**What needs to be done:** Your answer must be the line containing "Evaluation can answer" and each following line to the end of the listing below, copied exactly, with pictures removed and nothing added.

**Records to process:**
* * * * * * *

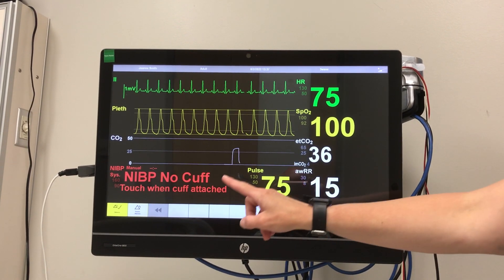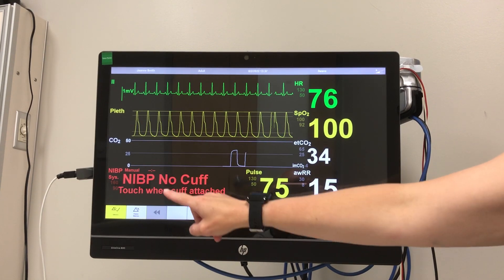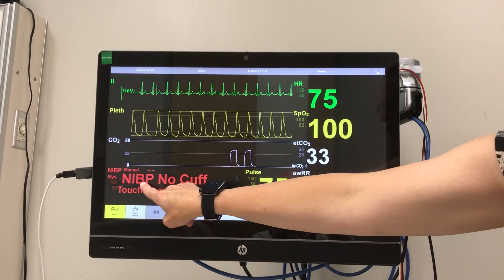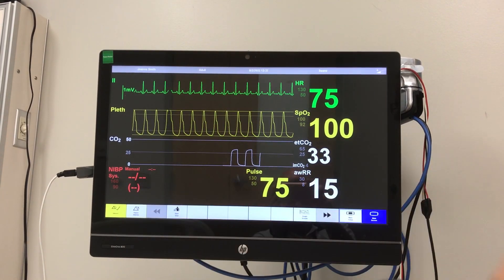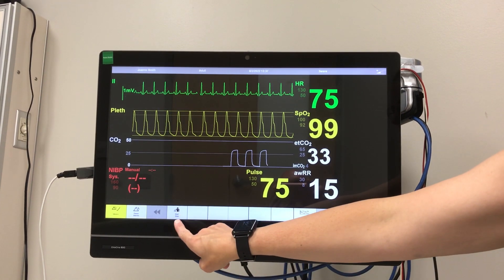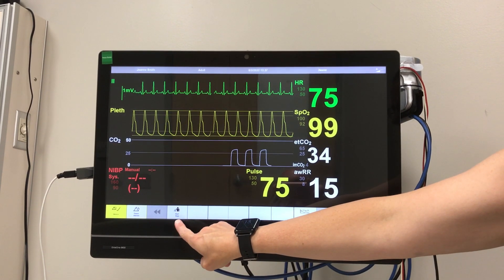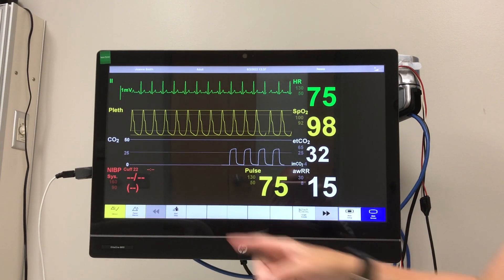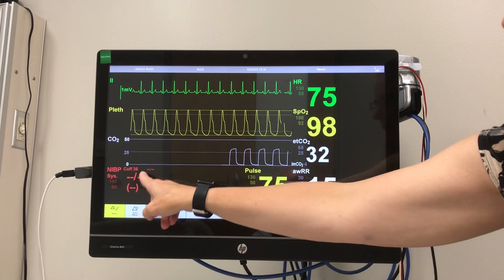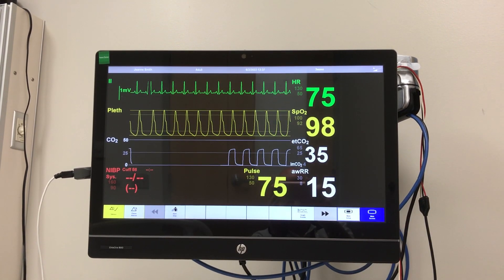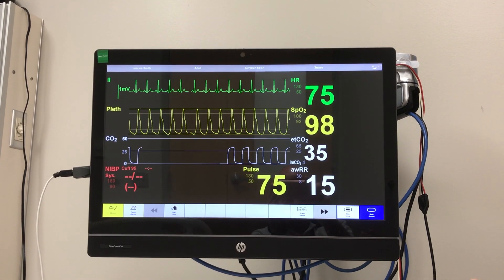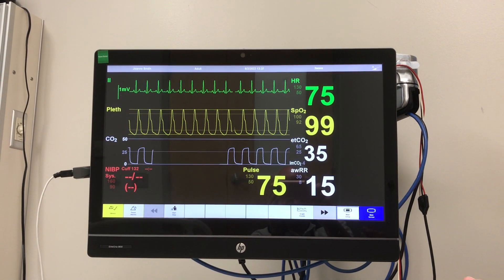The last thing on this screen is the blood pressure cuff. Once the blood pressure cuff is attached, you can touch the red area there. There's a button down here that says start/stop. Once you press it, you'll hear it beep and you'll see that the cuff is inflating. It takes a little while — it's not instantaneous. Just give it a little while to pump up and then deflate and it will give you a reading.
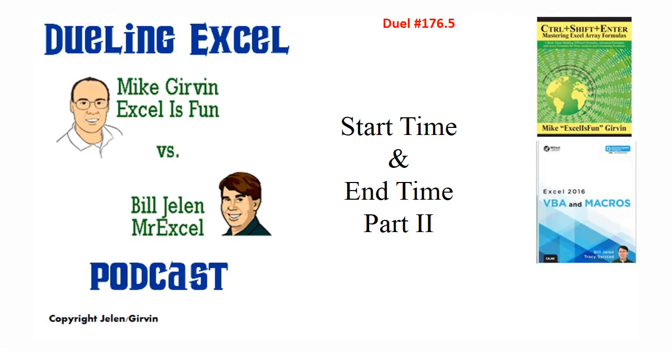Welcome back, it's time for another Dueling Excel Podcast. I'm Bill Jelen from MrExcel, I'll be joined by Mike Girvin from Excel is Fun. This is our episode 176.5, Start Time and End Time, Part 2.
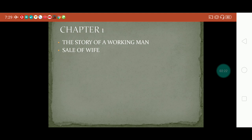In the first chapter, the story opens with a hay trusser — H-A-Y hay trusser, T-R-U-S-S-E-R — an agricultural labourer. Michael Henchard is the protagonist, an agricultural labourer walking the road toward Casterbridge. He is accompanied by his wife Susan, who is carrying their baby girl. So the story is of a working man.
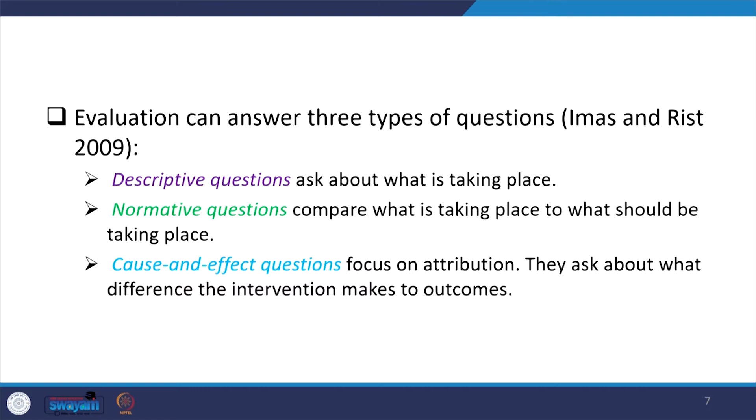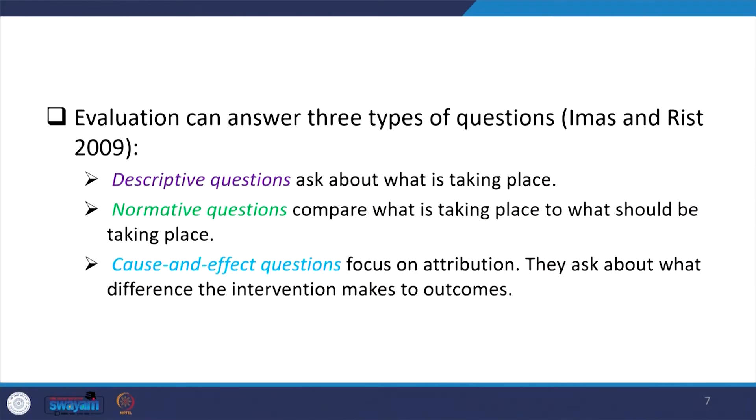Evaluation can answer three types of questions. Descriptive questions ask about what is taking place. Normative questions compare what is taking place to what should be taking place — basically comparing what ought to be done as compared to what is happening. Cause-and-effect questions focus on attribution; they ask about what difference the intervention makes to the particular outcome, as emphasized by IMAS and RIS 2009 paper.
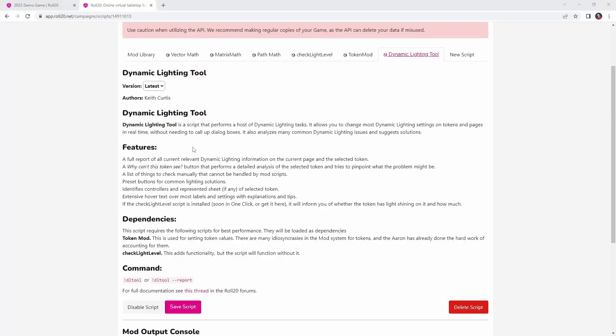So that's checking to see how much light an individual token is being exposed to, but now let's see how we can pull up that menu that will allow us to view and troubleshoot all manner of dynamic lighting items in our game. And that's where the dynamic lighting tool mod that I showed you at the very beginning from Keith Curtis comes into play.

* * * * * * *

**Answer section:**
Evaluation can answer three types of questions. Descriptive questions ask about what is taking place. Normative questions compare what is taking place to what should be taking place — basically comparing what ought to be done as compared to what is happening. Cause-and-effect questions focus on attribution; they ask about what difference the intervention makes to the particular outcome, as emphasized by IMAS and RIS 2009 paper.
So that's checking to see how much light an individual token is being exposed to, but now let's see how we can pull up that menu that will allow us to view and troubleshoot all manner of dynamic lighting items in our game. And that's where the dynamic lighting tool mod that I showed you at the very beginning from Keith Curtis comes into play.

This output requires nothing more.